**DATASET EXCERPTS:**
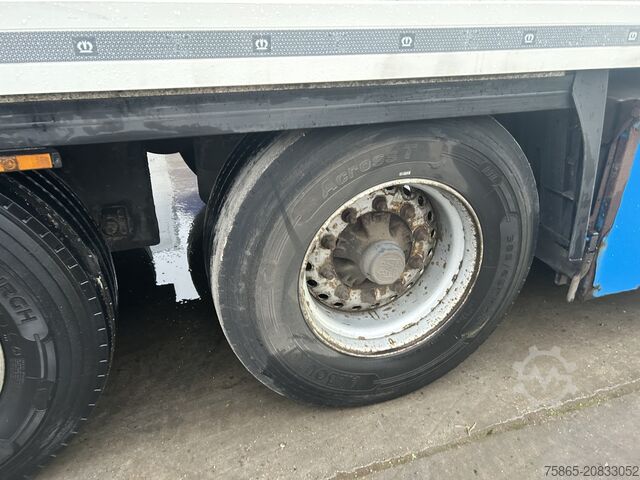 Kühl-/Tiefkühltransport Krone Coolliner / Carrier Vector 1550 / Frigo Box / L...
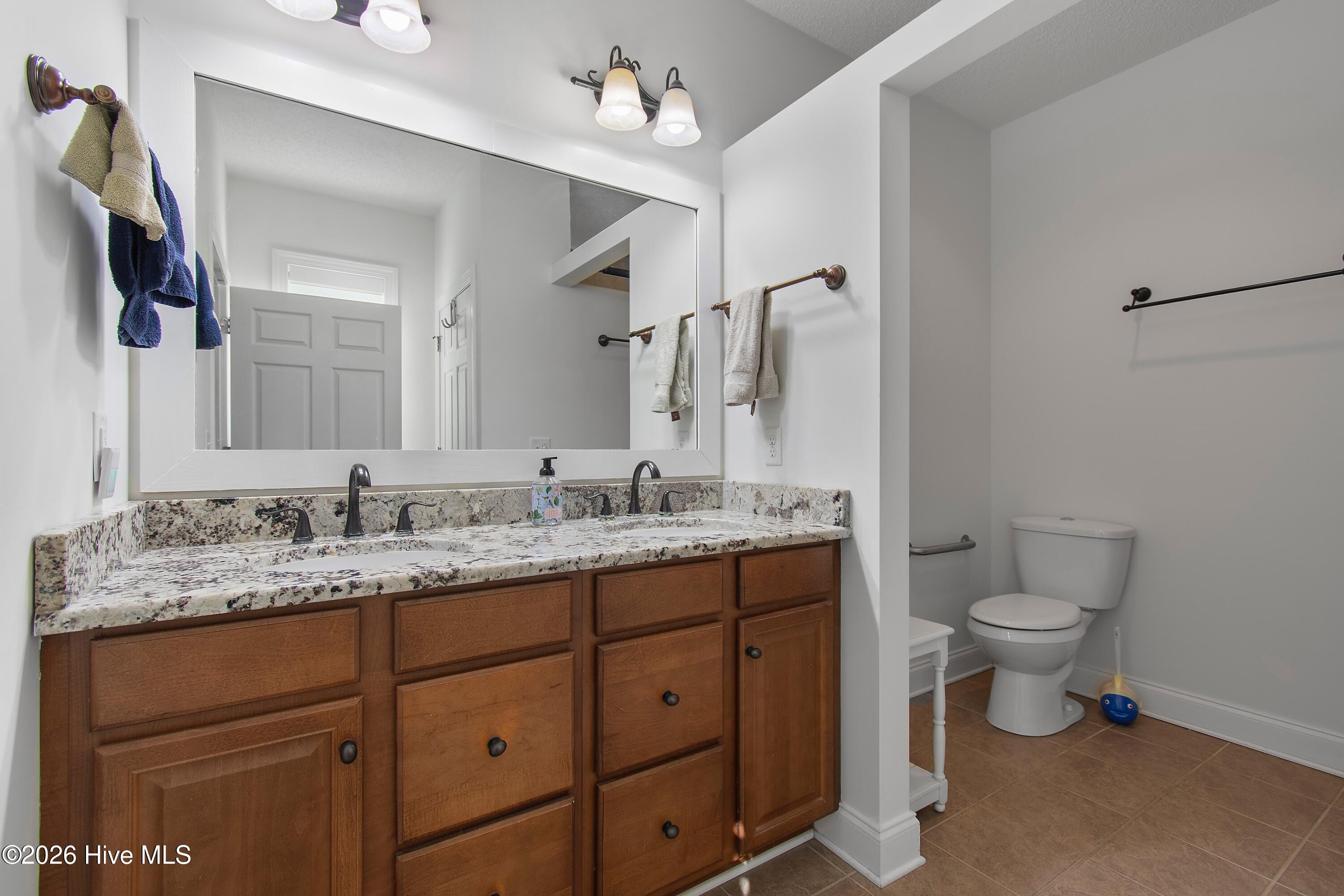 100552486 | Photo 30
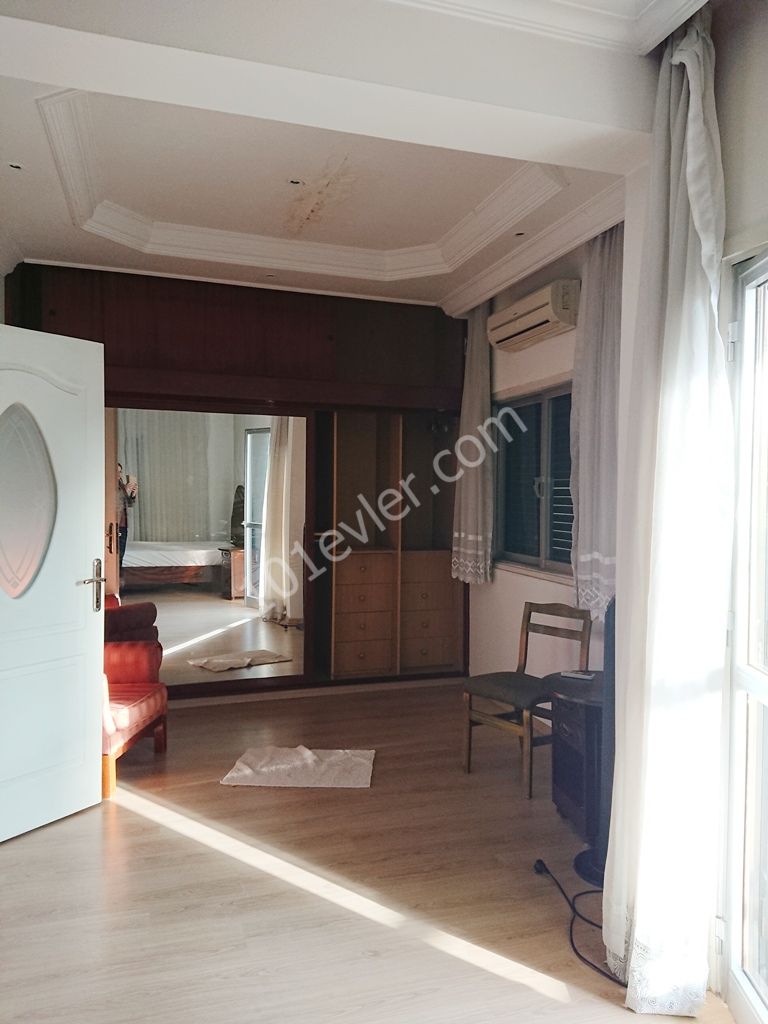 Lefkoşa Merkeze 5 Dk Mesafede Aydınlık Ferah Şömineli 4+2 İkiz Villa Kiralık! 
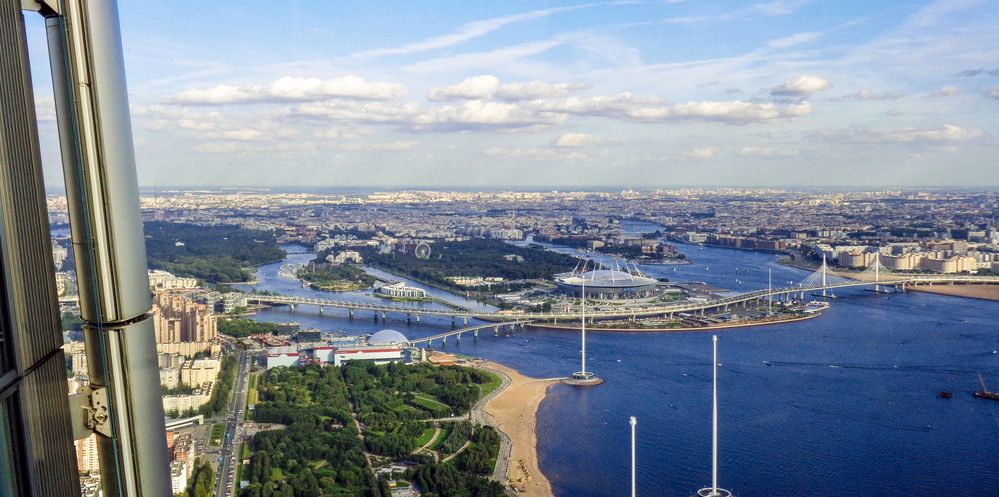 Вид из окна на Санкт-Петербург.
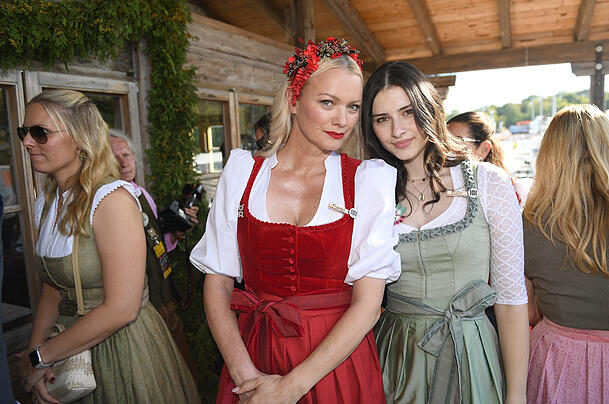 Franziska Knuppe und Tochter Mathilda Franziska Knuppe und Tochter Mathilda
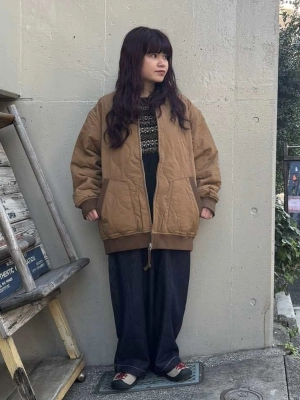 キルティングブルゾン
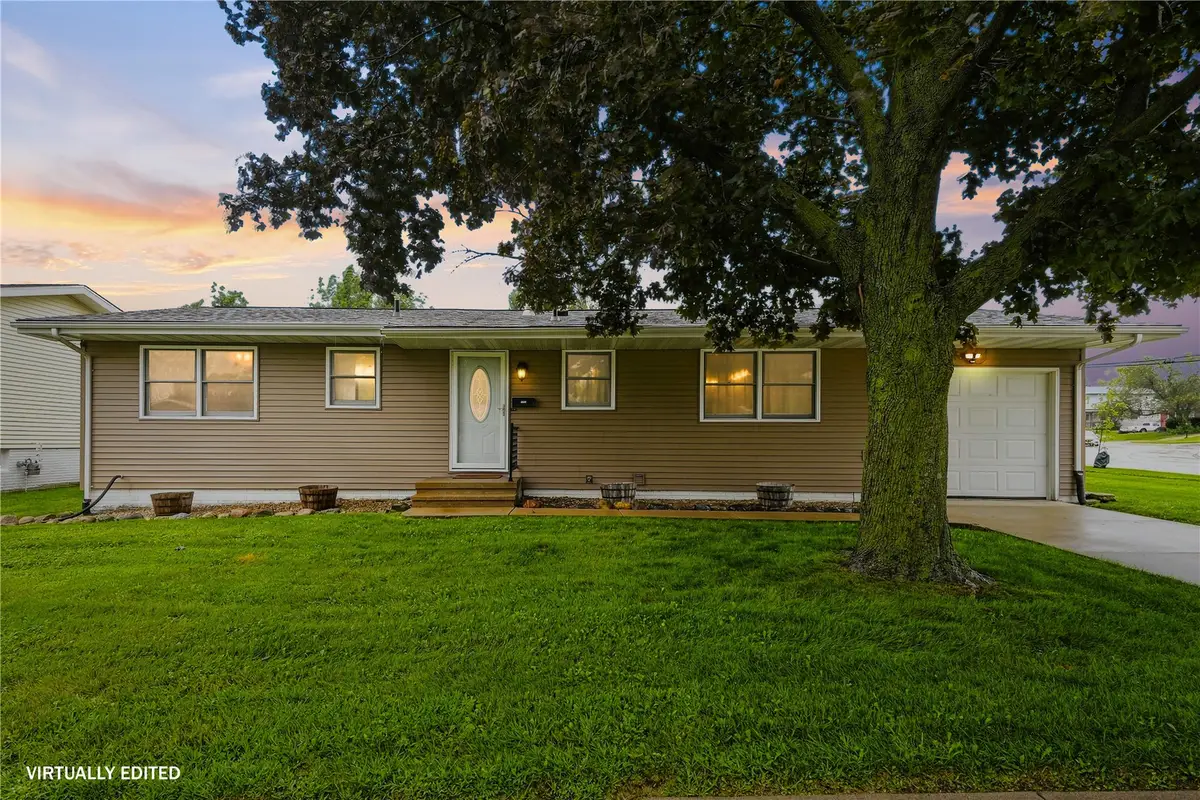 172 NW Sunrise, Cedar Rapids, IA 52405 - #1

**ACTIVITY:** An exact copy of every entry, without pictures, should be your output.

**ANSWER FOR THIS EXERCISE:**
 Kühl-/Tiefkühltransport Krone Coolliner / Carrier Vector 1550 / Frigo Box / L...
 100552486 | Photo 30
 Lefkoşa Merkeze 5 Dk Mesafede Aydınlık Ferah Şömineli 4+2 İkiz Villa Kiralık! 
 Вид из окна на Санкт-Петербург.
 Franziska Knuppe und Tochter Mathilda Franziska Knuppe und Tochter Mathilda
 キルティングブルゾン
 172 NW Sunrise, Cedar Rapids, IA 52405 - #1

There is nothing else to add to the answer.